### Requirement
From the records below, please repeat exactly the line that has "Rainbow Braided Single", the line that has "Diaper Raffle, Woodland", and every line between them, and nothing else.

### Data items
-------------------------

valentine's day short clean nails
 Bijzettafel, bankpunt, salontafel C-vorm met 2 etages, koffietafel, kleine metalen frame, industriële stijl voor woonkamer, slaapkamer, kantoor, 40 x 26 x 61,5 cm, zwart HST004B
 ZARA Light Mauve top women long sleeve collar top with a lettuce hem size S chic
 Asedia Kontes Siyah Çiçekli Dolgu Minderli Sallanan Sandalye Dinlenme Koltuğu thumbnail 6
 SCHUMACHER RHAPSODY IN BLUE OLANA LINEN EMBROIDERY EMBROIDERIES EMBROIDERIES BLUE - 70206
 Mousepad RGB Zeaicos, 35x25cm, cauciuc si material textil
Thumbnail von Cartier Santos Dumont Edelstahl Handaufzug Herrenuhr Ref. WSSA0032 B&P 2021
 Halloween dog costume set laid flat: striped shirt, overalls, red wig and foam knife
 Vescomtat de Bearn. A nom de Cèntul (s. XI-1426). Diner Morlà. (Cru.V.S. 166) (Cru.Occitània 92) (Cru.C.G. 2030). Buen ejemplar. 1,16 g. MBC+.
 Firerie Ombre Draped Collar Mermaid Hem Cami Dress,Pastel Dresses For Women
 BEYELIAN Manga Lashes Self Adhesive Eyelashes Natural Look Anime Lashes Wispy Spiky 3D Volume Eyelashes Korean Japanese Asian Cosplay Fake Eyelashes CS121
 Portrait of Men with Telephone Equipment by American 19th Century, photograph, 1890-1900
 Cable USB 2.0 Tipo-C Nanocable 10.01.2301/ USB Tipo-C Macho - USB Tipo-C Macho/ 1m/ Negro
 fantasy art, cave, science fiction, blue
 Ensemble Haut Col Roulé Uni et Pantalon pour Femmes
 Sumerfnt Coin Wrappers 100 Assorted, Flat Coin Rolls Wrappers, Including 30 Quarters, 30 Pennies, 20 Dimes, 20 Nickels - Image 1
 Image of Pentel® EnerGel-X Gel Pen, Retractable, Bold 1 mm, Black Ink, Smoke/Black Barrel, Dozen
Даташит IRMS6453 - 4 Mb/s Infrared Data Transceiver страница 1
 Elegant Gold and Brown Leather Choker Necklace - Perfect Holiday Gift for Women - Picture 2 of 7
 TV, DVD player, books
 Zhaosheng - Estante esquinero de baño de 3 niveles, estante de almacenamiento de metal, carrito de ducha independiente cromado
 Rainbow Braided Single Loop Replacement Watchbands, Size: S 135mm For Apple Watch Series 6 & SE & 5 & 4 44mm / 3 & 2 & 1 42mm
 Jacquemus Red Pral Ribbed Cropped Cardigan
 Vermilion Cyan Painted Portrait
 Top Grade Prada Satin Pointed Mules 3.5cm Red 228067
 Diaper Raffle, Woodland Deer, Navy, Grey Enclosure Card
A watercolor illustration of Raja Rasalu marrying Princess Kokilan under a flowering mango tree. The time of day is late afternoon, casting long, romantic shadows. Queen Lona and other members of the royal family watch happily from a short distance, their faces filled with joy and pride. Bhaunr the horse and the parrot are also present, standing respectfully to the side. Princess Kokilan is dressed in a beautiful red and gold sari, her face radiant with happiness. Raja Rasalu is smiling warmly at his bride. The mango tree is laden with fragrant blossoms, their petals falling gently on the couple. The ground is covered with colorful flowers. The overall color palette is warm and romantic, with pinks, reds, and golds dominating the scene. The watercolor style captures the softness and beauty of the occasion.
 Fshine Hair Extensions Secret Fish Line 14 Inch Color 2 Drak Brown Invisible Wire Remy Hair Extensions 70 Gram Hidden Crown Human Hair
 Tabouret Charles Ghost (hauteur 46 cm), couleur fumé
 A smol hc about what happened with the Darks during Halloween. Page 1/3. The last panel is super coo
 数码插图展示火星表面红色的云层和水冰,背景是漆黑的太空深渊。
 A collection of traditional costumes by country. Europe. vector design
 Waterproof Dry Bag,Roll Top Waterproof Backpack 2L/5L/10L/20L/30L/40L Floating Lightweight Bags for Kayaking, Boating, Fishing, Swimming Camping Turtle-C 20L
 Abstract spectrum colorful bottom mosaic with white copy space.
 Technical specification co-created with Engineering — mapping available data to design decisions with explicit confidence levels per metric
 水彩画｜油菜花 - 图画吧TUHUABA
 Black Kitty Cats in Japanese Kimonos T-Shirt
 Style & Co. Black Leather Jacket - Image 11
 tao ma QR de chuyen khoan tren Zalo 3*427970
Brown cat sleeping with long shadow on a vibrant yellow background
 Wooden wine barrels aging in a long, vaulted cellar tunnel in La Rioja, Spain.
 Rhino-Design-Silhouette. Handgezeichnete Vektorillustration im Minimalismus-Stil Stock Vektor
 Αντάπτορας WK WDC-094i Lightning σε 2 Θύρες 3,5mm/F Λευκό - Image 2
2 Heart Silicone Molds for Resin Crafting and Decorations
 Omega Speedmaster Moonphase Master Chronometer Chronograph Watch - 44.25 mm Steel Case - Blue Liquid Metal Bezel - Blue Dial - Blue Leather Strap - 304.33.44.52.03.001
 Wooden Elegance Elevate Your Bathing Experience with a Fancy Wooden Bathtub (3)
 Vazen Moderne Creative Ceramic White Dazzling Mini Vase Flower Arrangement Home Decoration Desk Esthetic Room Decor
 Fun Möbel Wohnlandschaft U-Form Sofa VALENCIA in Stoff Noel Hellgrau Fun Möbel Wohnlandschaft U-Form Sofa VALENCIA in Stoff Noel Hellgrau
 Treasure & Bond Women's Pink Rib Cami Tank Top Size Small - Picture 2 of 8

-------------------------

### Reply to the exercise
 Rainbow Braided Single Loop Replacement Watchbands, Size: S 135mm For Apple Watch Series 6 & SE & 5 & 4 44mm / 3 & 2 & 1 42mm
 Jacquemus Red Pral Ribbed Cropped Cardigan
 Vermilion Cyan Painted Portrait
 Top Grade Prada Satin Pointed Mules 3.5cm Red 228067
 Diaper Raffle, Woodland Deer, Navy, Grey Enclosure Card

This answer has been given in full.